「迷惑をかけないこと」より大切なこと

日本人には自責的な人が多い。気がする。
責任感が強い、というと聞こえはいいけど、過度に自責的な人の割合が多いように思う。

完全に私見で、全くエビデンスはないけど、これは、身内に厳しく他人に甘いという幼少期の育てられ方の影響があるような気がしている。


マスク警察や自粛警察をみてわかるように、日本の同調圧力はすさまじい。
なので、多くの人は他者からの目を気にするし、人に迷惑をかけるかもしれないことを避ける。
空気を読めない振る舞いを極端に嫌がり、自分も他者にそう思われないように神経を使う。

そして、自分の子供にもそういう教育をする。
「人に迷惑をかけてはいけない」とか、
「相手の気持ちを考えて行動しなさい」とか。

もちろんどちらも大切なことではある。
でも、本当は、いちばん大切にすべきなのは自分自身であるはずだ。

そこをちゃんと明言しないまま、「迷惑をかけるな」とか「相手の気持ちを考えろ」と教えると、迷惑をかけないために自分を犠牲にしたり、相手の気持ちばかり考えて自分の気持ちを偽ったりするようになってしまう場合があるのではないかと思う。


もちろん、多くの場合、親たちは、言葉にしなくてもたくさんの愛情を子供に注いでいる。
そして、子供の側も、親たちが厳しさの中に大きな愛情をもって教育してくれていたことに気づく。

しかし、子供がそれに気づくのは、多くの場合、ある程度大きくなってからだ。
自分が親の立場になってはじめて気づく場合もあるかもしれない。
もっと言えば、ネガティブな感情に支配されてしまって、その愛情に気づかないままの場合だってあるかもしれない。

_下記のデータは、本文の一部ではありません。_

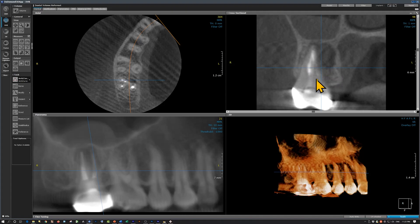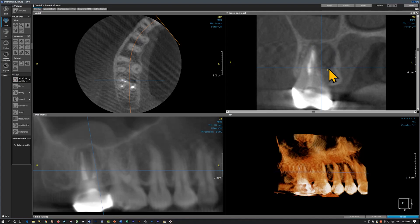Although this tooth was endodontically treated, we still have a periapical lesion with perforation of the palatal cortical plate and elevation of the sinus floor. These findings are consistent with a recurrent apical periodontitis.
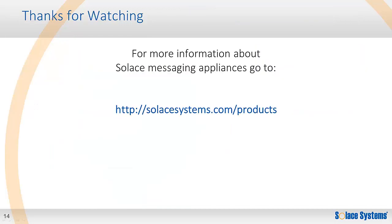Thank you for watching this video. You can find out more information about the Solace Messaging Appliance through this link. And you might want to check out our other screencast for more on Solace's guaranteed messaging performance.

思考パターンの骨格が形成されてから、それを修正していくことは、簡単ではないし、時間もかかる。
大人になってから、「自分を大切にしなさい」などと言われて、急にできるわけがない。


健全な自己愛、それっぽい言葉でいうと「自己肯定感」を育むためには、あるがままの自分が愛されているという安心感が望ましい。
親は、確かに子供がまっとうな大人になるために教育する義務があると思うが、それは誰かのためではなく、本人のためであるはずだ。
子供が間違ったことをしたときに、厳しく叱ることも必要だと思うが、それ以上に、ほめたり、愛情を子供にもわかる言葉で表出することが必要なのではないかと思う。